## PROBLEM STATEMENT
Within the records below, find the line with "5608 Tracy Dr, Pittsburgh, PA 15236" and the line with "Free WiFi - Sarins", then reproduce exactly those two lines and all lines between them, without any picture.
*** Opening of INPUT RECORDS ***
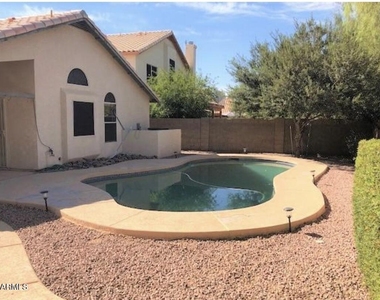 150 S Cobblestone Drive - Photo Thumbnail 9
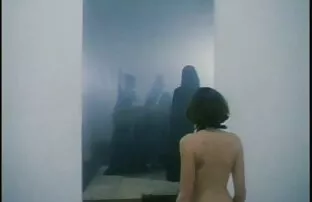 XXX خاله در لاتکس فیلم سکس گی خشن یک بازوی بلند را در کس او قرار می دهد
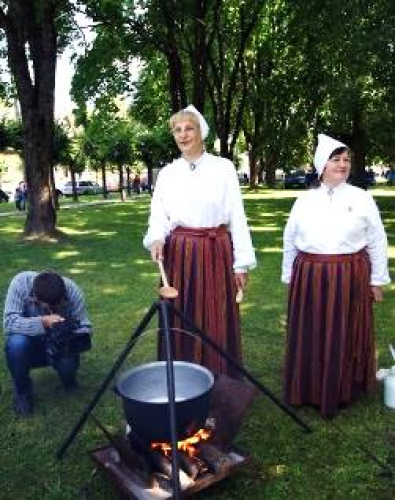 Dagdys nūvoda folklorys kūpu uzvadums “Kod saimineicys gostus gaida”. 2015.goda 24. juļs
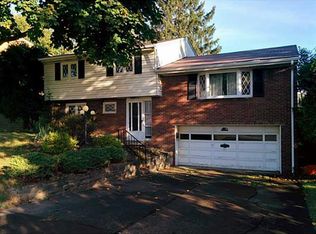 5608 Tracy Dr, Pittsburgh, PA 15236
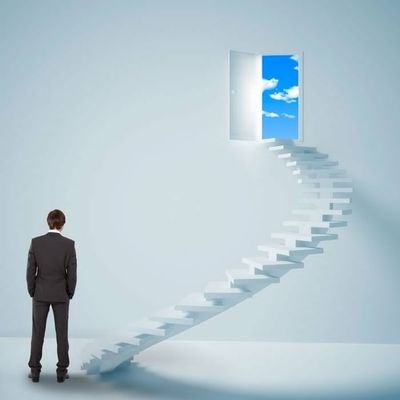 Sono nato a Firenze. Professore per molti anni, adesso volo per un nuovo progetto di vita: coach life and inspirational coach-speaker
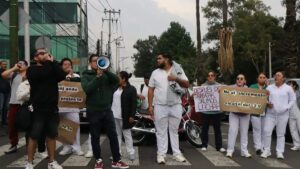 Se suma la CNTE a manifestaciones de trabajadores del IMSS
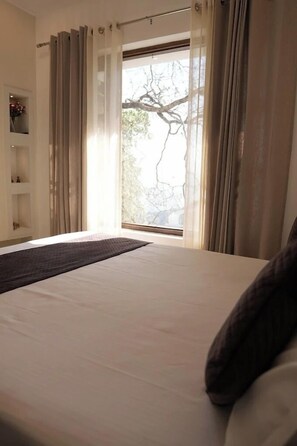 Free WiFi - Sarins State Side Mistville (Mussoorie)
*** Close of INPUT RECORDS ***
*** Opening of INPUT RECORDS ***
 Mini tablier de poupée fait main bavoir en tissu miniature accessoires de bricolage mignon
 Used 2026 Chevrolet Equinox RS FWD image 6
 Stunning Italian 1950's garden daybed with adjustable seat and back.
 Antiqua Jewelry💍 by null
*** Close of INPUT RECORDS ***
*** Opening of INPUT RECORDS ***
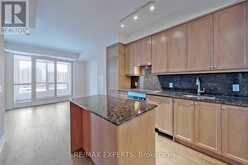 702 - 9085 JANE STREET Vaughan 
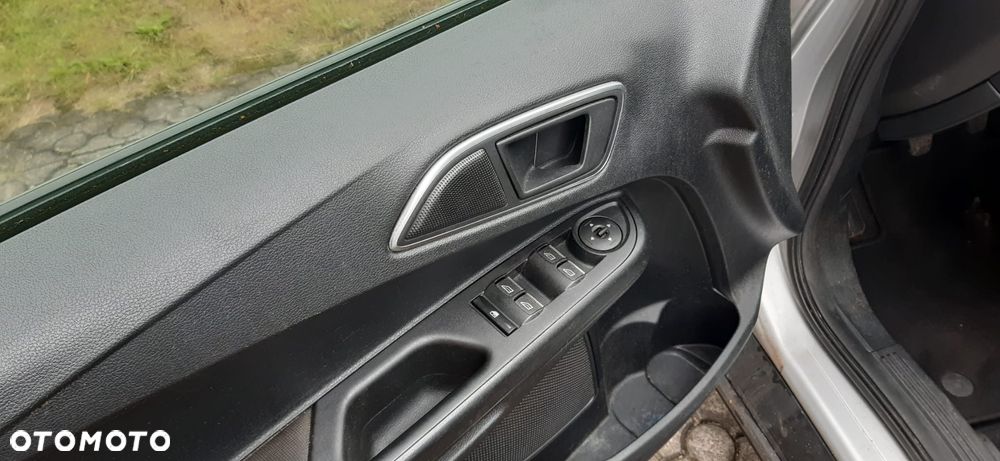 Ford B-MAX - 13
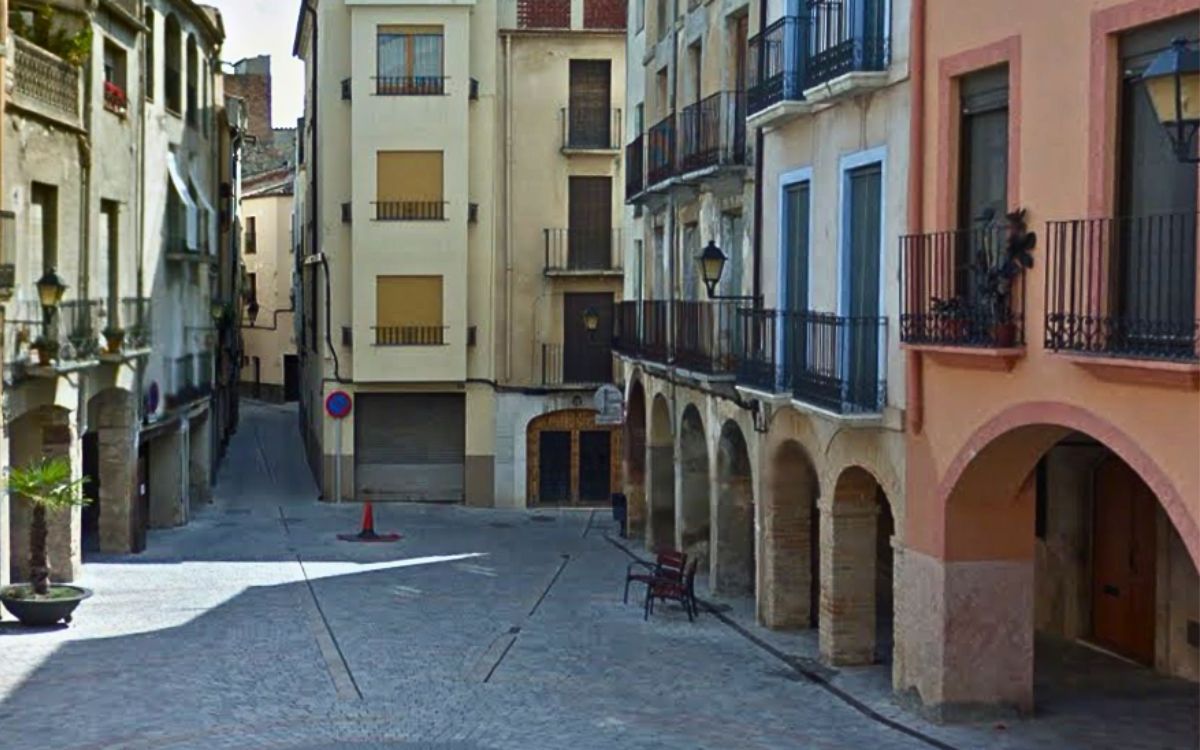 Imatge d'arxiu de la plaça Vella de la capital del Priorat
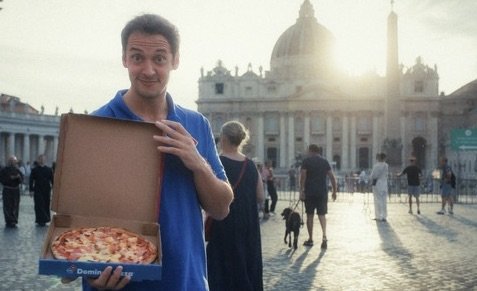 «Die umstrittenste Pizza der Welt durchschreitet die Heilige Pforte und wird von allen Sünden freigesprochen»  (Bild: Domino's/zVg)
*** Close of INPUT RECORDS ***
## ANSWER TO THE PROBLEM
 5608 Tracy Dr, Pittsburgh, PA 15236
 Sono nato a Firenze. Professore per molti anni, adesso volo per un nuovo progetto di vita: coach life and inspirational coach-speaker
 Se suma la CNTE a manifestaciones de trabajadores del IMSS
 Free WiFi - Sarins State Side Mistville (Mussoorie)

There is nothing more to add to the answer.